Julie Nagam: locating the little heartbeats
to
Gallery 1C03 515 Portage Ave, University of Winnipeg, Winnipeg, Manitoba R3B 2E9
Courtesy of the artist.
Julie Nagam, "Fireweed," 2018
painting into animation and projection
Opening reception: Thursday, January 10, 4:00 – 6:00 pm
Remarks at 4:30 pm by University of Winnipeg President Dr. Annette Trimbee.
Panel discussion: Tuesday, January 15 at 1:00 pm in Convocation Hall at the University of Winnipeg Moderated by Dr. Serena Keshavjee and featuring speakers Dr. Delia Gavrus, Dr. Julie Nagam and Dr. Niigaan Sinclair.
ASL can be provided for these events with two weeks’ notice by contacting Gallery 1C03's Director/Curator.
locating the little heartbeats is a solo exhibition of a new multi-media installation by Métis, German/Syrian artist Julie Nagam.
In her art, Nagam reads the land as a valuable archive of memory and as a witness. Her installations bring important relational concepts through painting with light, projection and animation. These multi-sensory creations incorporate drawing, painting, sculpture, video and sounds from natural elements. Nagam’s artworks result in interactive and transformative experiences for the audience and create the conditions of drawing the natural world indoors.
The impetus for Nagam’s work stems from her concern for the environment, water systems, and land based knowledge.
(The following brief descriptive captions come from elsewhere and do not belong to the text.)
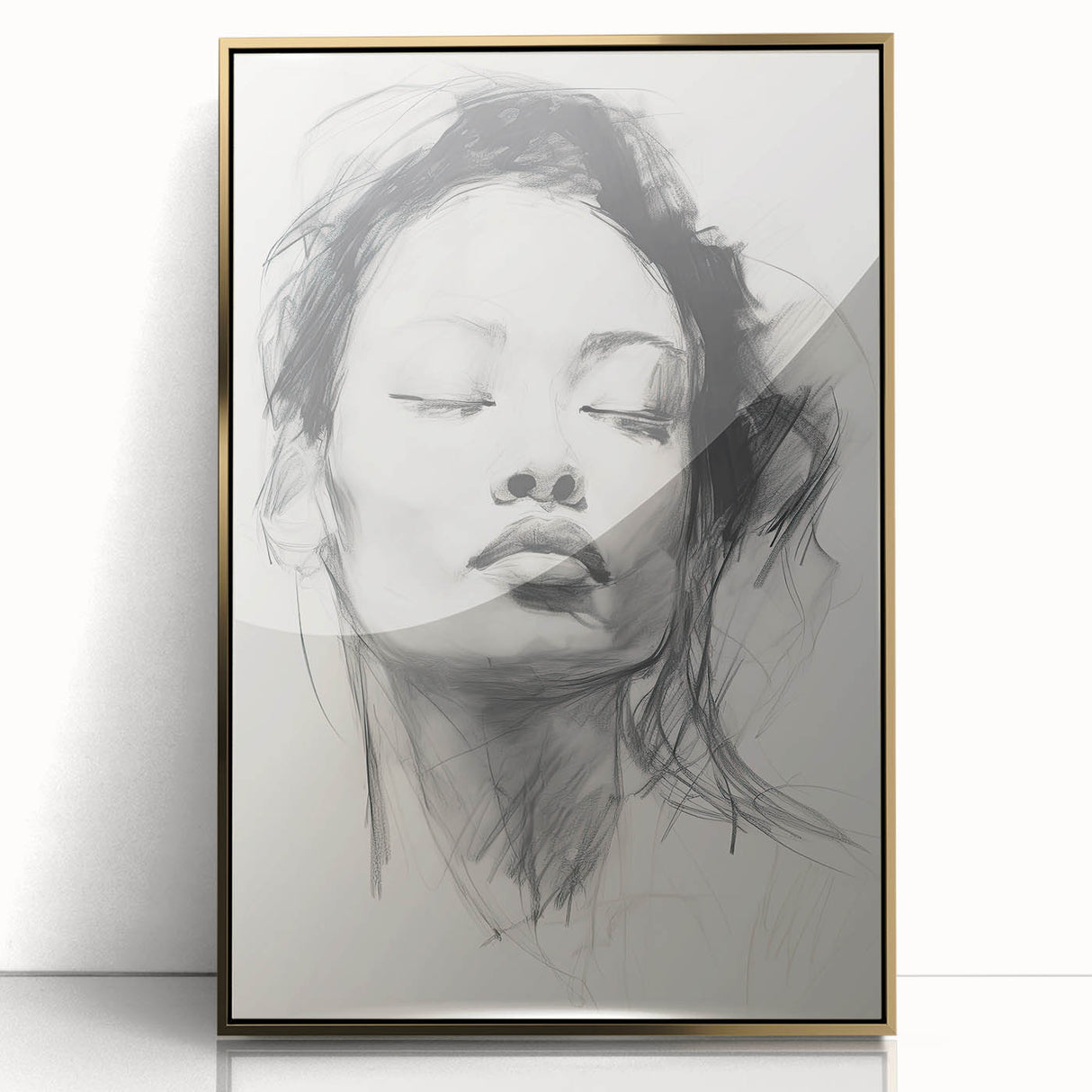 Minimalist Wall Art – Modern Abstract Female Portrait for Elegant Decor
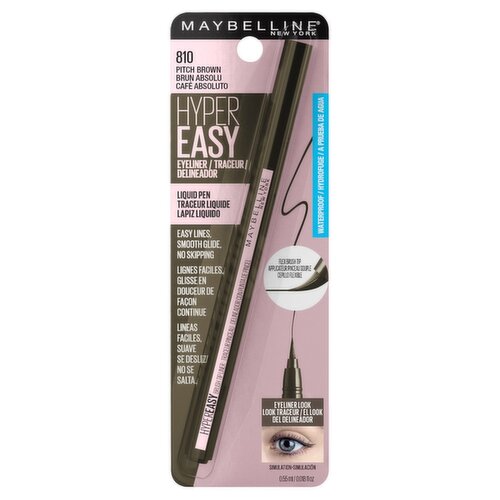 Maybelline New York Hyper Easy 810 Pitch Brown Waterproof Liquid Pen Eyeliner, 0.018 fl oz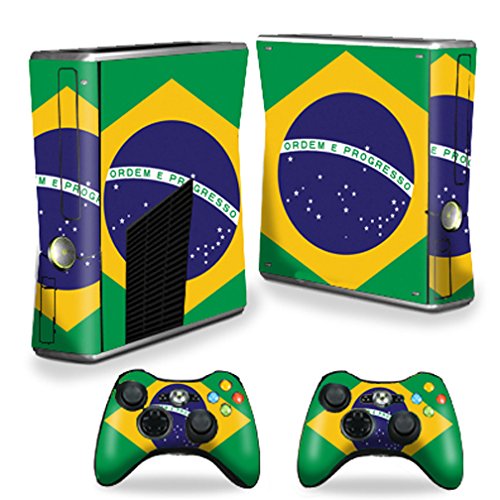 MightySkins Protective Vinyl Decal Wrap Sticker for Microsoft Xbox 360 S Slim Console & 2 Controllers - Brazilian Flag Design | Gaming Accessories for Xbox Enthusiasts | Perfect for Customization, Protection & Showcasing National Pride
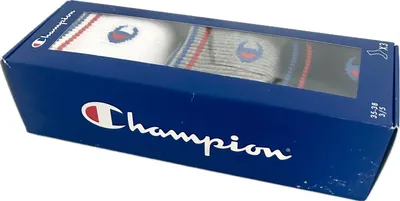 Produktbild von Champion Sportsocken Socken Box 6 Paar weiß grau schwarz Gr. 35-38 Geschenkbox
Issues around unclean drinking water, food sustainability, foraging, rapid melting of the polar ice caps, chemically-contaminated lakes and the finite nature of water are all alarming realities that society faces.
Through her art, Nagam offers hope: “Our survival and our continuation as a people are tied to Indigenous knowledge of the land and a return or an extension of these land-based practices is what will bring us into the future”
Each of the works in locating the little heartbeats will invoke the magical elements of flora that are indigenous to this area to remind viewers of the healing qualities of each plant. Nagam’s research will result in drawings that will be “brought to life” via digital technologies as moving image projections. This “living ecosystem” will consider the properties and lifelines that plant life and the land offers to the human world.
Dr. Julie Nagam (Métis, German/Syrian) is the Chair of the History of Indigenous Art in North America, a joint appointment between the University of Winnipeg and the Winnipeg Art Gallery. She is an Associate Professor in the History department at the University of Winnipeg. Her multi-media art installations where white pines lay over the water and singing our bones home have been shown in Canada, England, Brazil, France and New Zealand. Her recent installations include the public artwork Electrical Currents for the Winnipeg Arts Council; Manitowapow, speaking to the moon commissioned for Toronto’s Nuit Blanche; and our future is in the land: if we listen to it for the Smithsonian National Museum of the America Indian in New York and A Space in Toronto.